In general you should not write any optimisation which makes your code more ugly or harder to understand; in my book this definitely falls into this category.

It is much harder to go back and change old code than write new code, because you have to do regression testing. So in general, no code already in production should be changed for frivolous reasons.

PHP is such an incredibly inefficient language that if you have performance problems, you should probably look to refactor hot spots so they execute less PHP code anyway.

So I'd say in general no, and in this case no, and in cases where you absolutely need it AND have measured that it makes a provable difference AND is the quickest win (low-hanging fruit), yes.

Certainly scattering micro-optimisations like this throughout your existing, working, tested code is a terrible thing to do, it will definitely introduce regressions and almost certainly make no noticable difference.

MarkR
A: 

Is micro-optimization worth the time?

No, unless it is.

In other words, a-priori, the answer is "no", but after you know a specific line of code consumes a healthy percent of clock time, then and only then is it worth optimizing.
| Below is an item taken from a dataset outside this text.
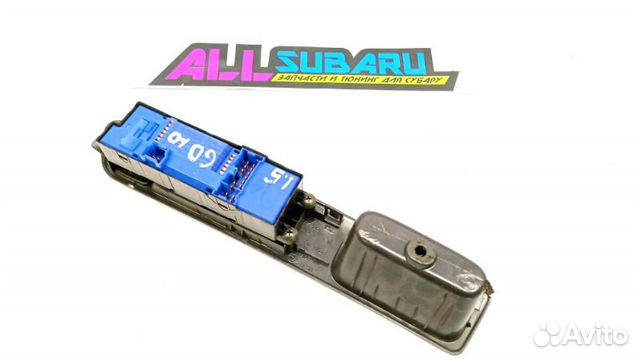 Блок управления стеклоподъемниками правый Subaru Блок управления стеклоподъемниками правый Subaru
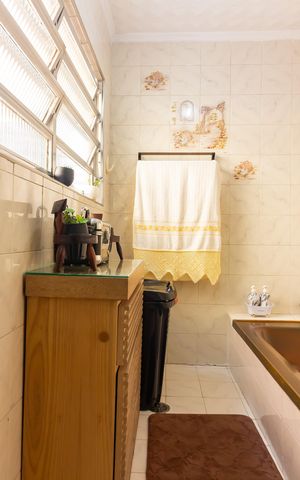 Casa à venda com 185m², 3 quartos e 2 vagas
In other words, profile first, because otherwise you don't have that knowledge. This is the method I rely on, regardless of language or OS.

Added: When many programmers discuss performance, from experts on down, they tend to talk about "where" the program spends its time. There is a sneaky ambiguity in that "where" that leads them away from the things that could save the most time, namely, function call sites. After all, the "call Main" at the top of an app is a "place" that the program is almost never "at", but is responsible for 100% of the time. Now you're not going to get rid of "call Main", but there are nearly always other calls that you can get rid of. While the program is opening or closing a file, or formatting some data into a line of text, or waiting for a socket connection, or "new"-ing a chunk of memory, or passing a notification throughout a large data structure, it is spending great amounts of time in calls to functions, but is that "where" it is? Anyway, those calls are quickly found with stack samples.

Mike Dunlavey